Sunday, January 5, 2025: 2:30 PM
Bryant Room (New York Hilton)
Michelle Spektor, Massachusetts Institute of Technology
After the League of Nations designated Palestine as a British Mandate in 1920, British colonial authorities created a Fingerprint Bureau in their newly-formed Palestine Police. When Israel was established in 1948, the Israel Police acquired the Bureau's experts, methods, and technologies.

Based on research in British, Israeli, and Palestinian archives, this paper traces the history of the Bureau to show that it was part of three entities' evolving statecrafts in Palestine. First, the British Mandate government included the Bureau – which comprised experts and methods from Scotland Yard and colonial police departments in India, Ceylon, Kenya, and South Africa – in their "civilian" policing and nation-building efforts in Palestine. Second, the Haganah, the Labor-Zionist paramilitary organization in Palestine, infiltrated the Bureau in the 1940s. There, they collected expertise and technologies to further their emerging nationalist and state-building ambitions, and transferred the Bureau's methods and infrastructures to the newly-formed Israel Police in 1948. Third, the Israel Police tried to reclaim the Bureau's fingerprint systems as a tool of Israeli nation-building, including in their failed 1948 proposal for a national fingerprint registry.

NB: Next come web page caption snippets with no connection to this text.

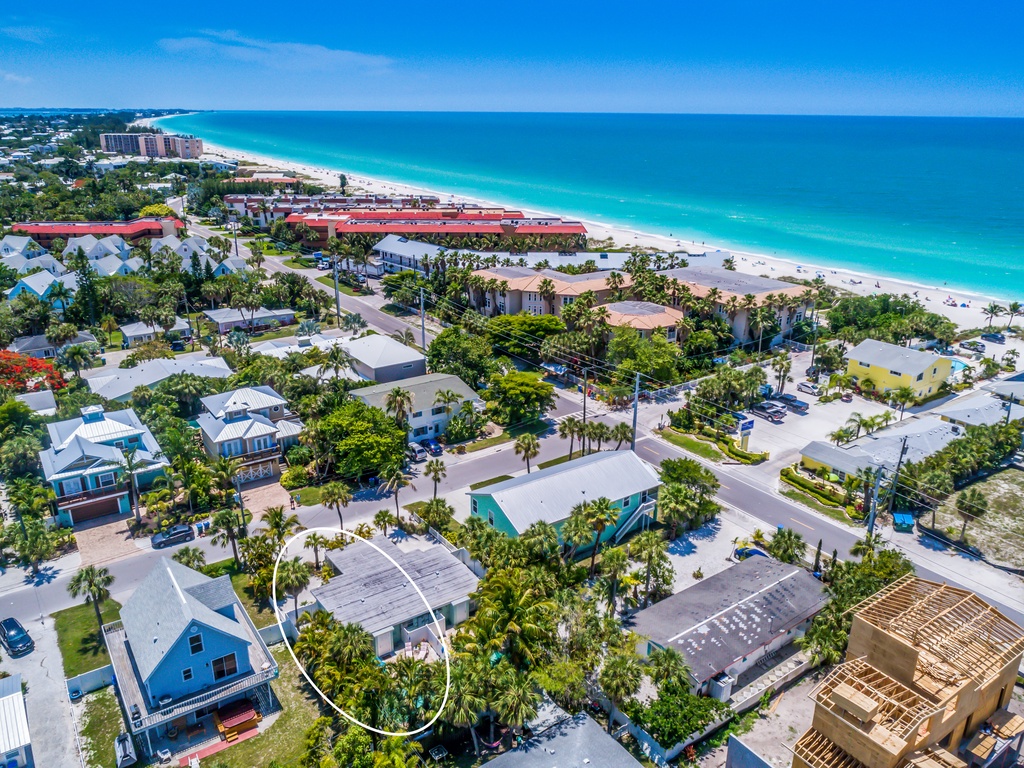 Short Walk to the Beaches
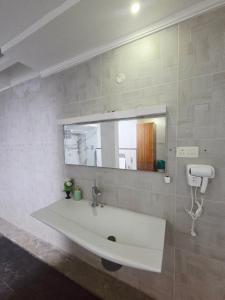 Koupelna v ubytování Hôtel Collena, uthandi
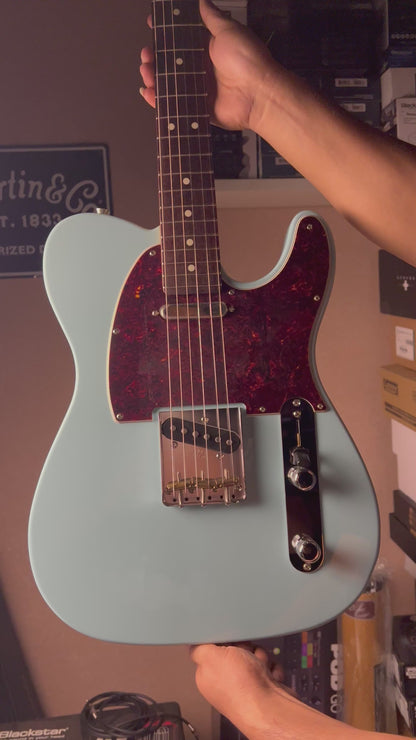 Fender FSR Collection Hybrid II Telecaster with RW FB in Daphne Blue JD23018075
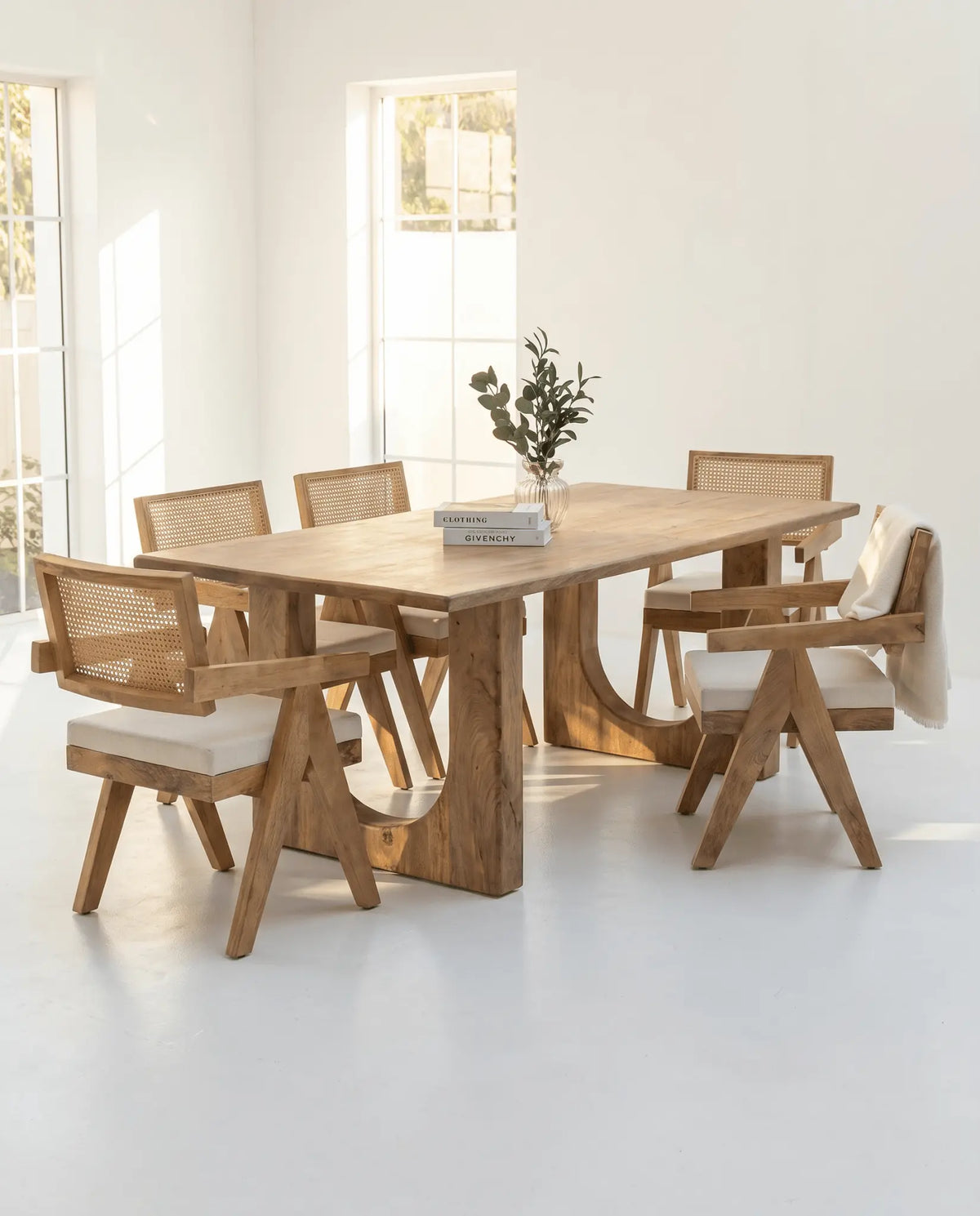 AURA MANGO WOOD DINING TABLE - Art and craft furniture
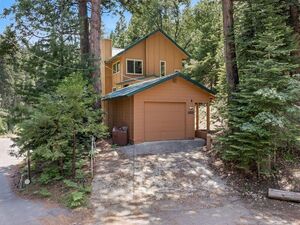 photo 1 of 1153 Silvertip Ln, Fish Camp, CA 93623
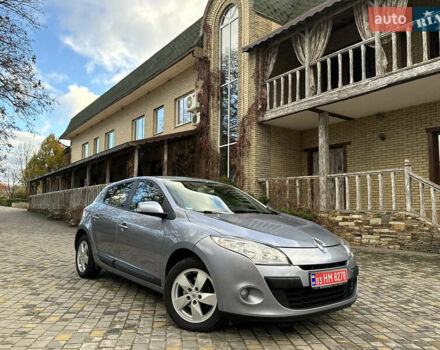 Серый Рено Меган, объемом двигателя 1.6 л и пробегом 153 тыс. км за 7650 $, фото 52 на Automoto.ua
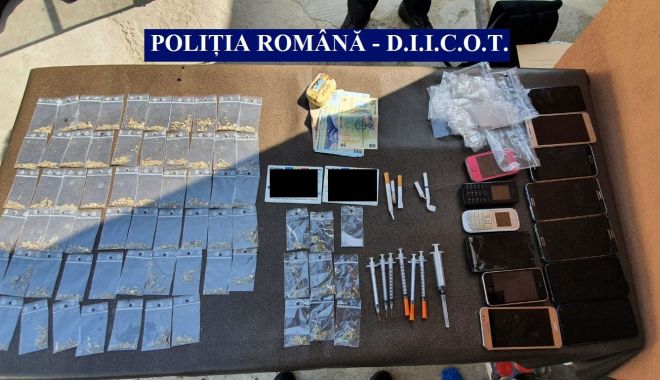 PERCHEZIȚII. Dealerii de droguri se 
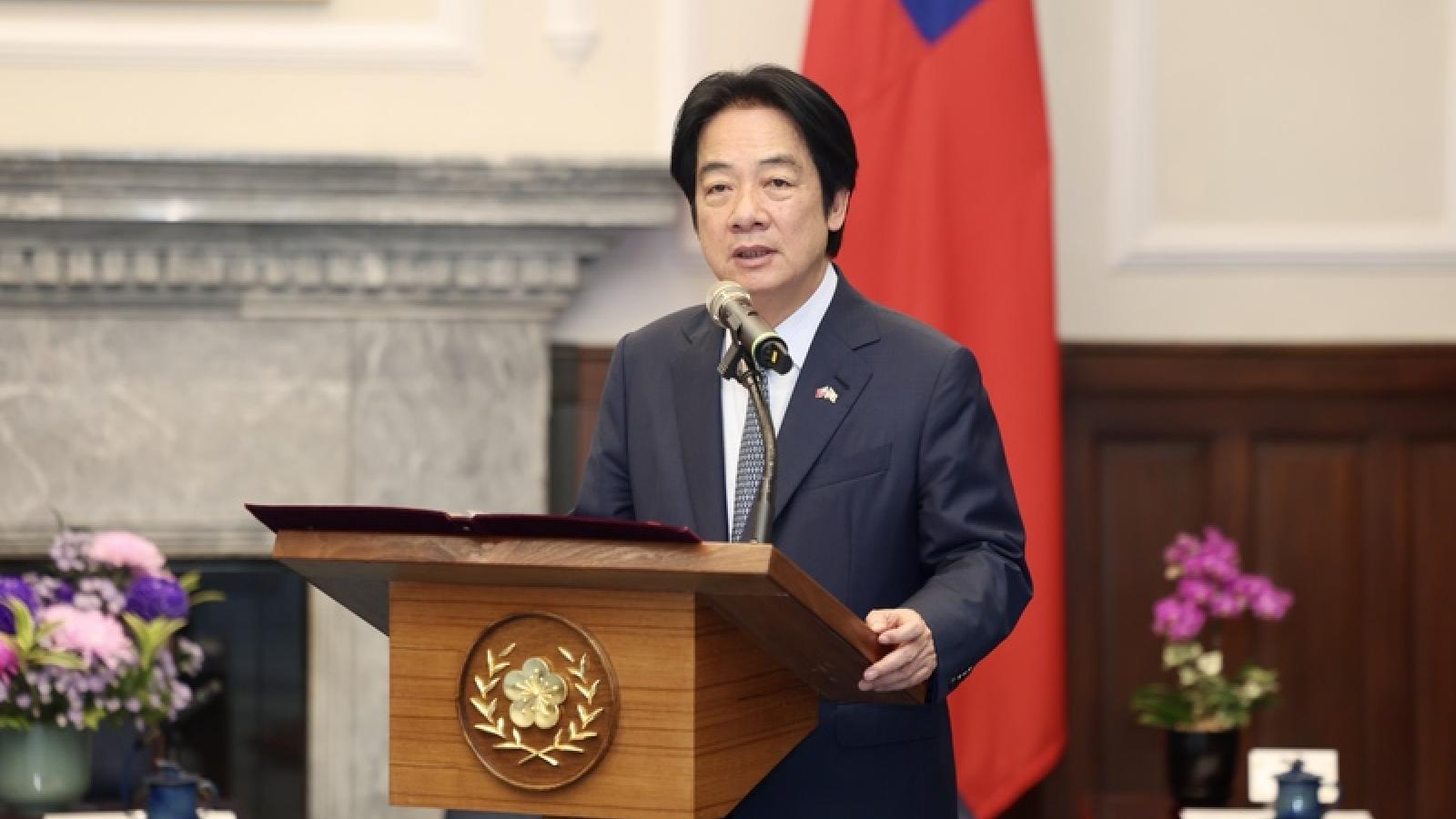 賴清德兒被跟監,女房仲被逮照曝光!陳佩琪揪美方出手疑點:狂喊抗中,全家卻躲國外
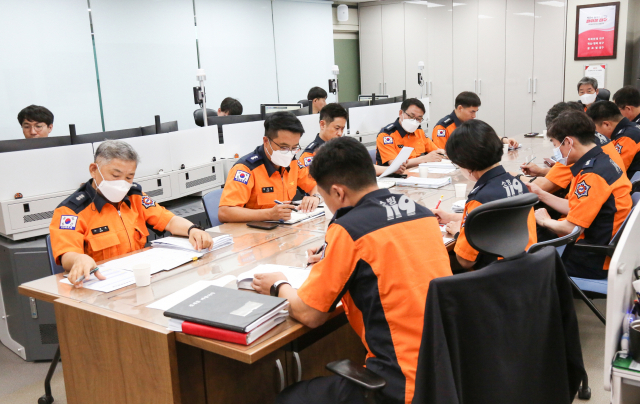 대구소방안전본부는 강한 세력으로 대구지역에 큰 피해를 끼칠 것으로 예상되는 태풍 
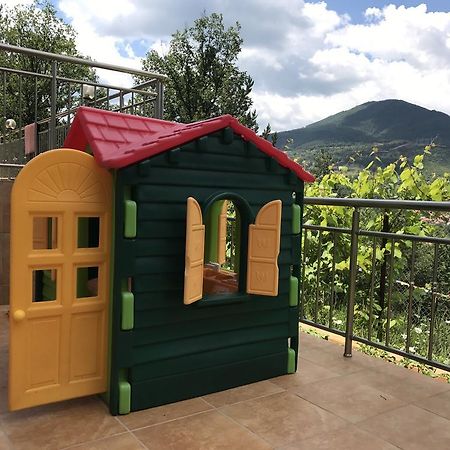 Iskrets Mala Planina Guest House מראה חיצוני תמונה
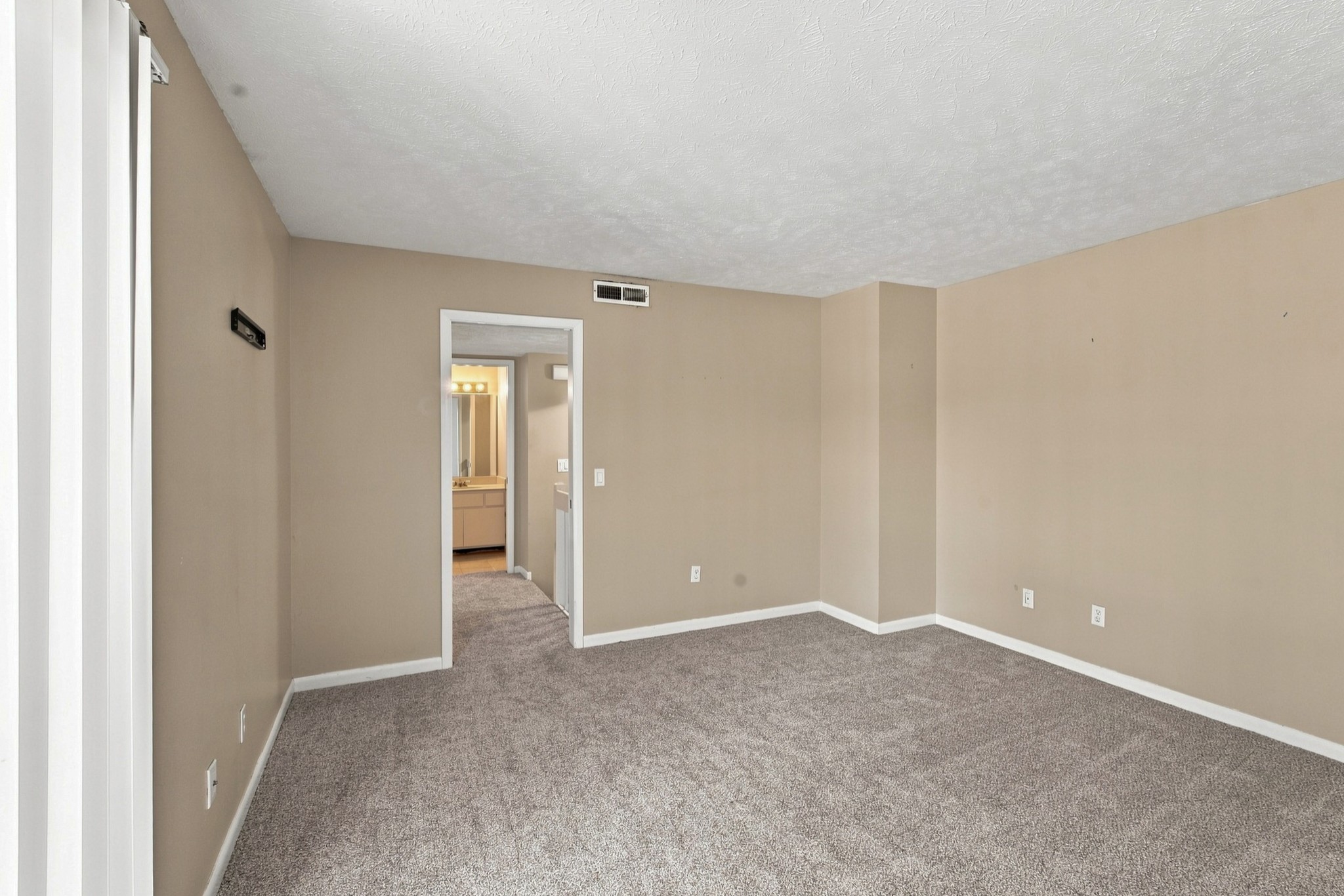 237 Cedarwood Ln, Madison, TN 37115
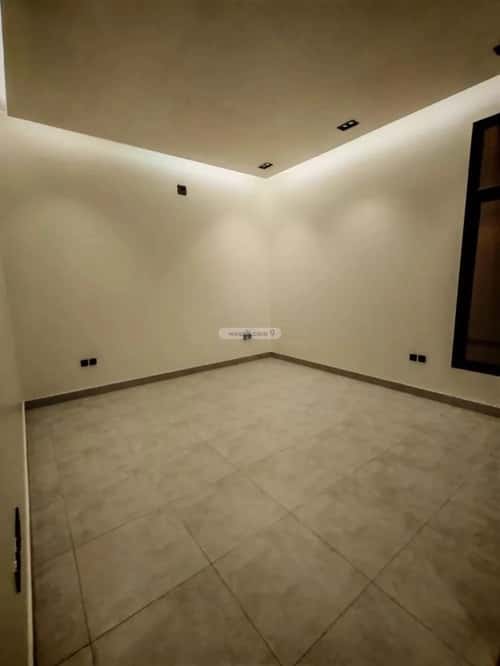 دور 6 غرف في المونسية 8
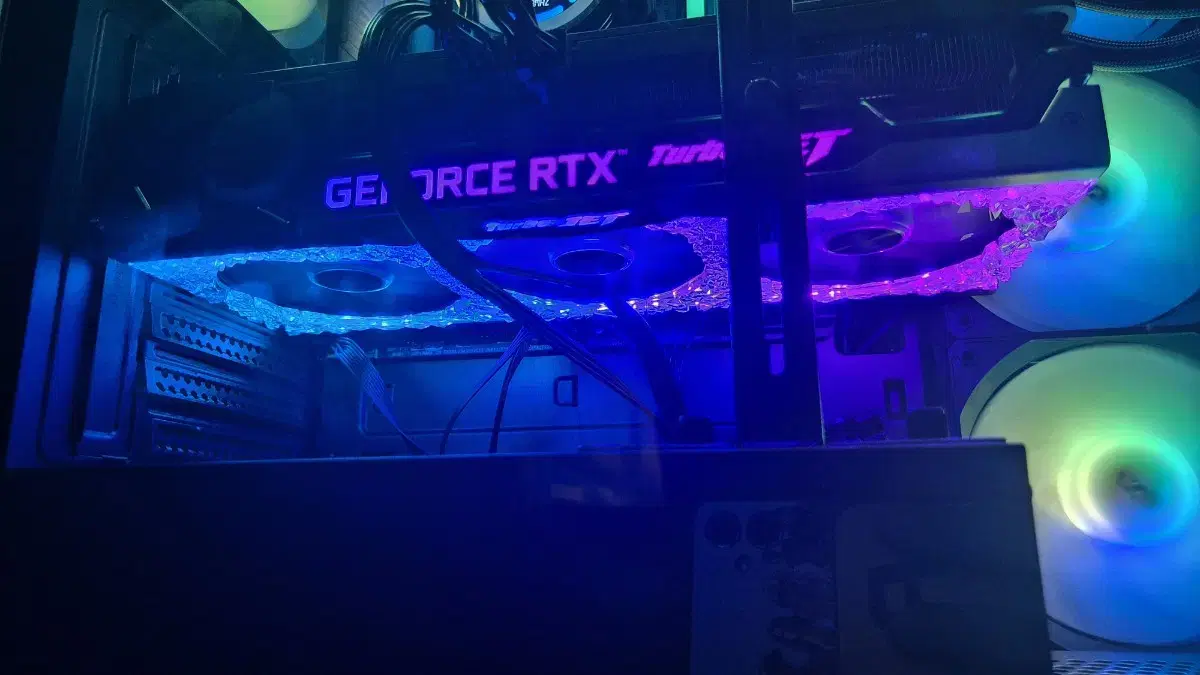 RTX3070 슈퍼젯   (일명보석바)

Although the Palestine Police features prominently in histories of colonial policing, its Fingerprint Bureau has received less attention. However, the Bureau was a key node in biometrics' circulations throughout the British Empire, and lends insight into British Mandate, Labor-Zionist, and Israeli statecrafts in Palestine/Israel – and their consequences – between 1920-1948. The Bureau's history also offers possibilities for studying the longer impacts of a new state's acquisition of technologies from its colonial predecessors. As the Israel Police remade the Bureau's infrastructures in the service of their own statecraft, they reproduced the colonial statecraft of which these infrastructures were originally a part. The paper concludes by considering this legacy of "biometric statecraft" in citizenship, exclusion, and biometric systems in Israel today.